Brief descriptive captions
= = = =
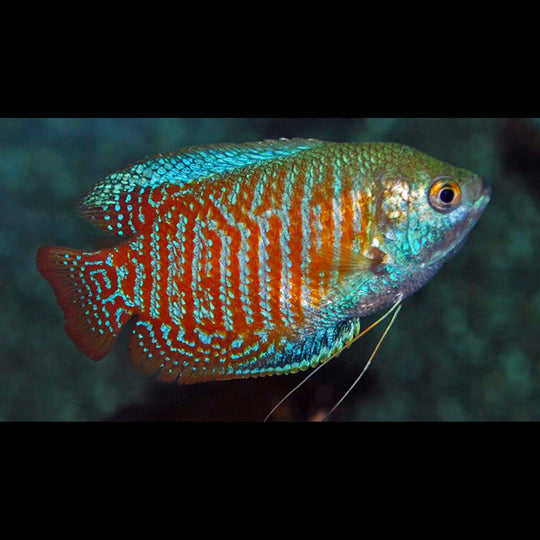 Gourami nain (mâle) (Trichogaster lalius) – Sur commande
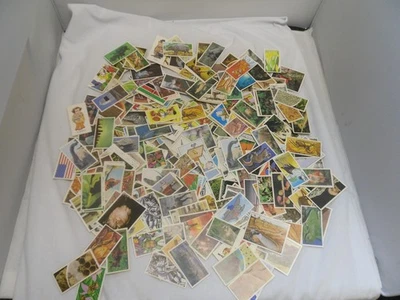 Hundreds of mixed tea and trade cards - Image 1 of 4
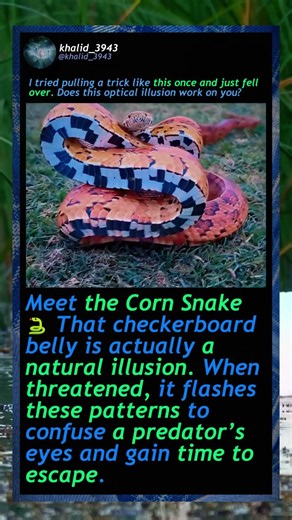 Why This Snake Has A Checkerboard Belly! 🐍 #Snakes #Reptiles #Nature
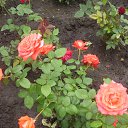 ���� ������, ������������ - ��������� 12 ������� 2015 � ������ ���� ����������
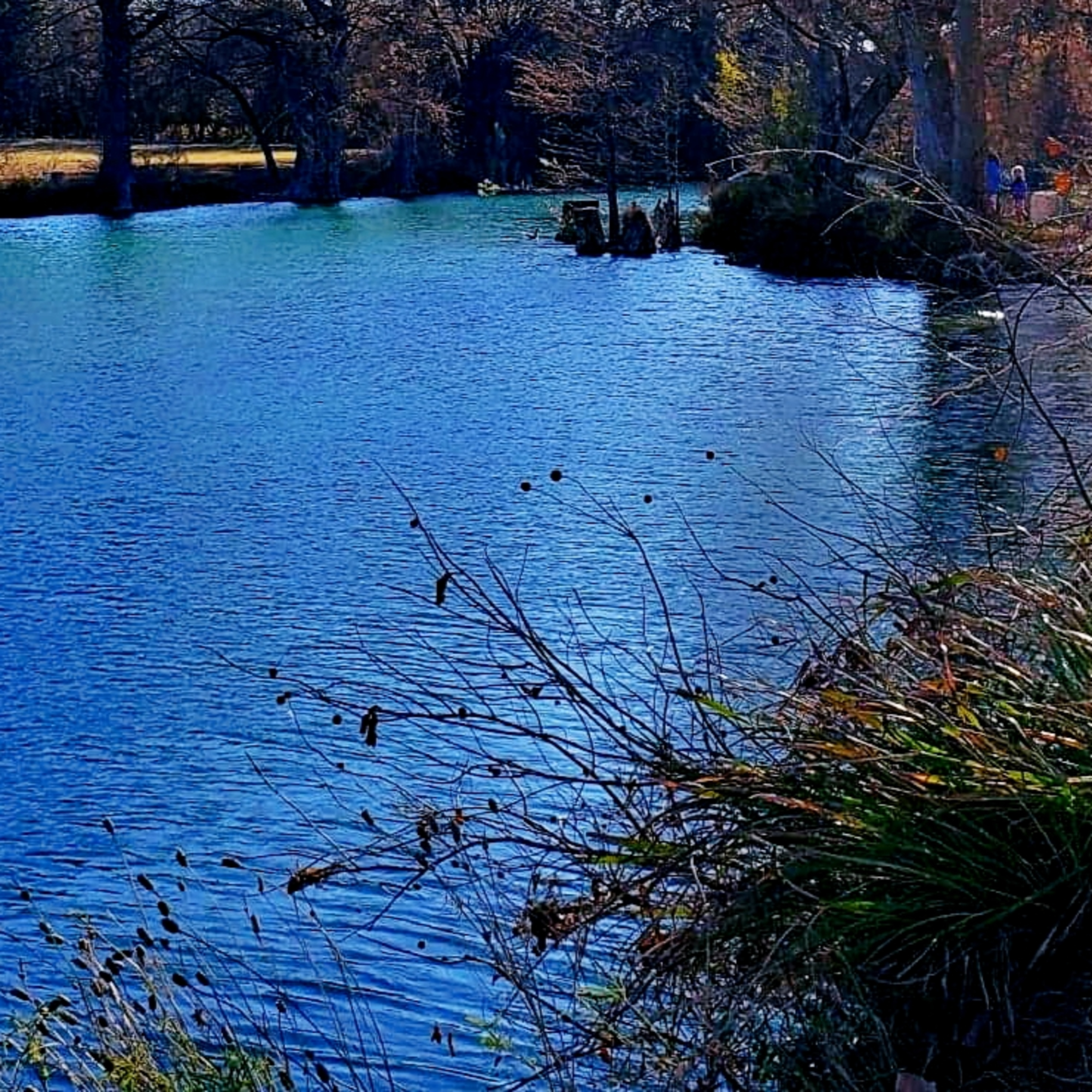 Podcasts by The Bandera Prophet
= = = =
_What you should do_
The expected output is an exact copy of the lines from the one with "Why This Snake" to the final line of the entries above, pictures excepted; please include both ends.

_Answer to the problem_
 Why This Snake Has A Checkerboard Belly! 🐍 #Snakes #Reptiles #Nature
 ���� ������, ������������ - ��������� 12 ������� 2015 � ������ ���� ����������
 Podcasts by The Bandera Prophet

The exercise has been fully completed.